TV or not TV? What do people talk about if they don't watch telly?
Alison Graham asks, why anyone would choose to miss out on so much great TV?
There are some phrases that place a cold, dead hand of fear around my heart. Top of the list is “Have you read my blog?”, closely followed by “And now it’s time for Thought of the day”, with “Will you sign my petition” coming a very close third.
Actually, may I just revise that. Really, really at the super-top of the list is “I don’t have a television.” By choice! Can you imagine? There are people who don’t have tellies? What’s wrong with them? How can anyone not watch telly? It’s like saying “I choose not to breathe because I take all of my essential nutrients via osmosis from fairy dust.” Or, “I’ve decided not to eat because it messes up my mouth.”
I mean, come on. Who doesn’t watch telly? Oh, dear reader, there are such people. I have a passing, though mild, obsession with pretentious home interiors magazines that cost me a fortune, but which I read just once, so I can sneer. Which is well worth four quid of anyone’s money.
In one such magazine recently I read of a woman with a lovely house, all very white and tasteful. But, oh dear, what’s this: “[The owner] doesn’t own a TV”, so the “focus is on talking over a glass of wine.”
Hey, guess what. I own a telly and I can talk and drink wine all at the same time. It’s a special skill, like juggling or being able to do three- point turns. And as for juggling while doing three-point turns...
Of course the passive-aggressive undercurrent of that sentence is that the woman in the feature has much better things to do than watch television. Like talking over a glass of wine. Literally as well as figuratively, presumeably. You can’t talk under a glass of wine, or maybe you can. But you’d look strange.
To this woman in her posh white house watching television is clearly a waste of time, she’d much rather talk, presumably to other people rather than a rabbit or a toy soldier. But what do they talk about if they don’t watch telly? (Poetry probably. Or cushions.) How many of your conversations revolve around what you watched last night? Or your friends’ recommendations of things you might enjoy?
If this woman watched televivion this week she’d have so much more to discuss. But as she doesn’t have a telly just look at what she’ll miss. Against the Law (Wednesday BBC4), a touching, angry drama from Brian Fillis about Peter Wildeblood (Daniel Mays) who was jailed in the 1950s for being gay.
Then there’s the new series of Top of the Lake (Thursday BBC2) which I well understand was so toweringly, ponderously pretentious the first time round that some of you would rather sit and watch a mouse paint a wall than endure a new series. But come on, it’s bold and beautiful in its own up-itself kind of way.
And what about ITV’s Long Lost Family (Wednesday ITV), the most life-affirming heartbreaking show on TV. And Poldark on BBC1, which this series has been so wonderful, so dark, layered and powerful.

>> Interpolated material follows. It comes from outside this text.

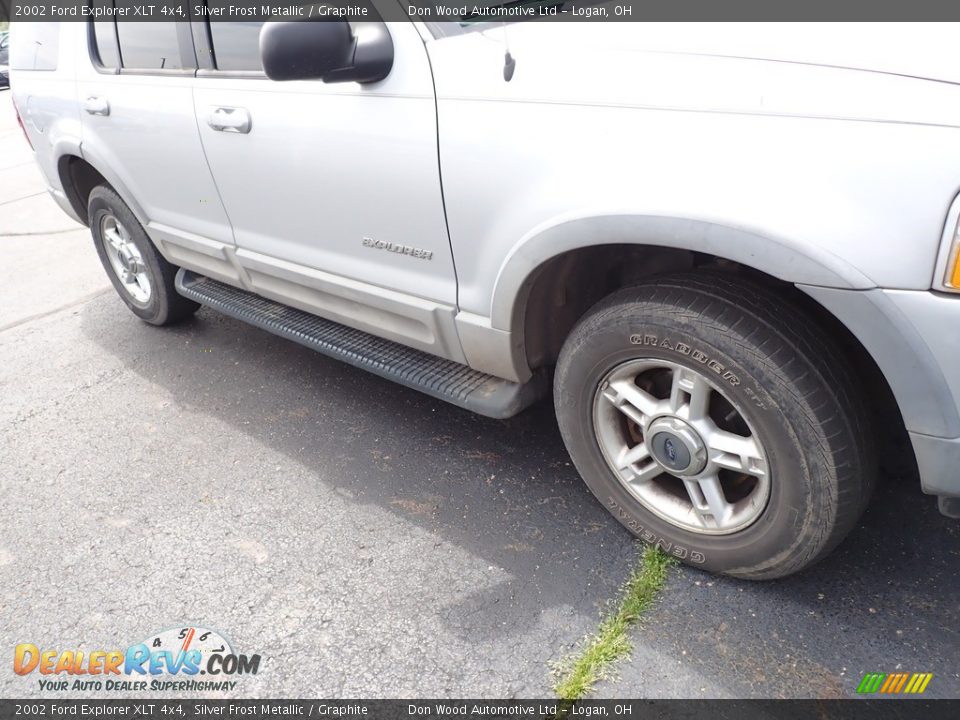 2002 Ford Explorer XLT 4x4 Silver Frost Metallic / Graphite Photo #4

You can learn about Alaska in Wild Alaska (Sunday BBC1) and remember those extraordinary few weeks after the death of Diana, Princess of Wales in Diana Our Mother (Monday ITV).

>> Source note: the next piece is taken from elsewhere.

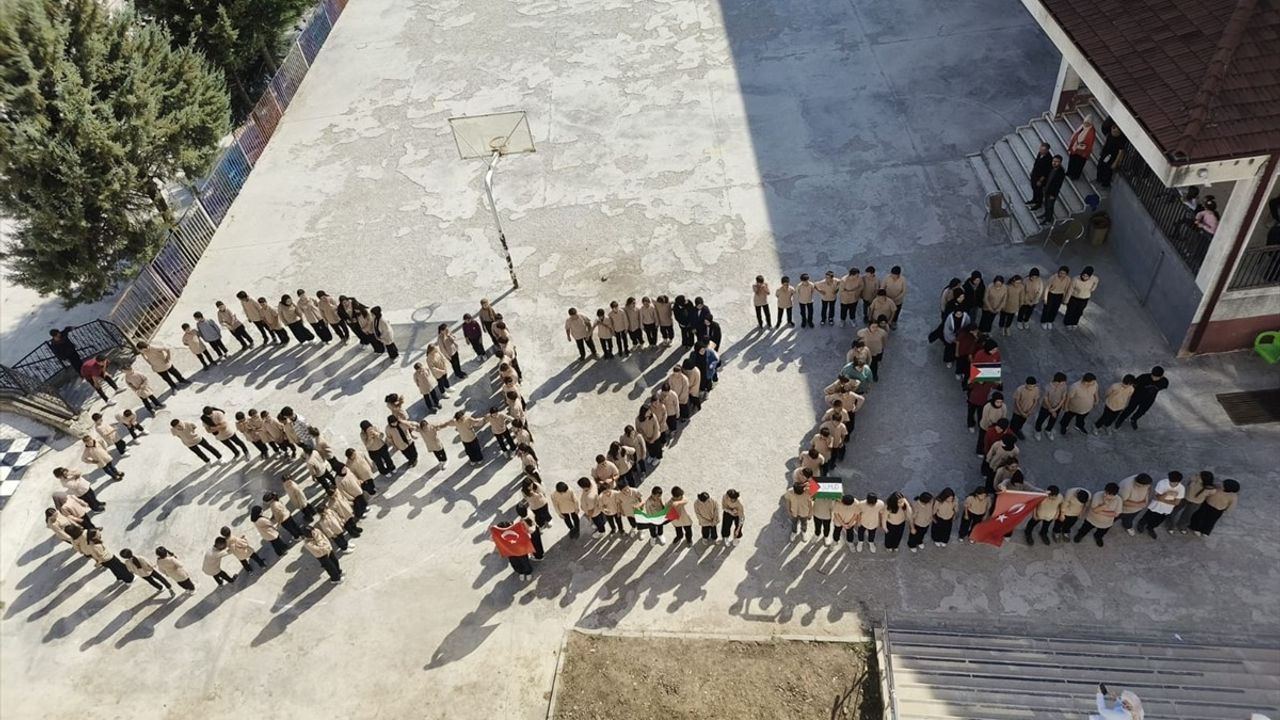 Düzce Öğrencilerinden Küresel Sumud Filosu'na Destek Gösterisi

Or, like an alarmingly high number of seemingly intelligent, well-adjusted people, you can watch the final of Love Island on ITV2. I can’t bring myself to say any more about this, except that you all need help.
So, my message to people without tellies is this: it is my public duty to urge you to consider exactly what you are missing by choosing to remain in ignorance of a world full of possibilities. The rest of us, we’ll talk, watch TV and drink our wine.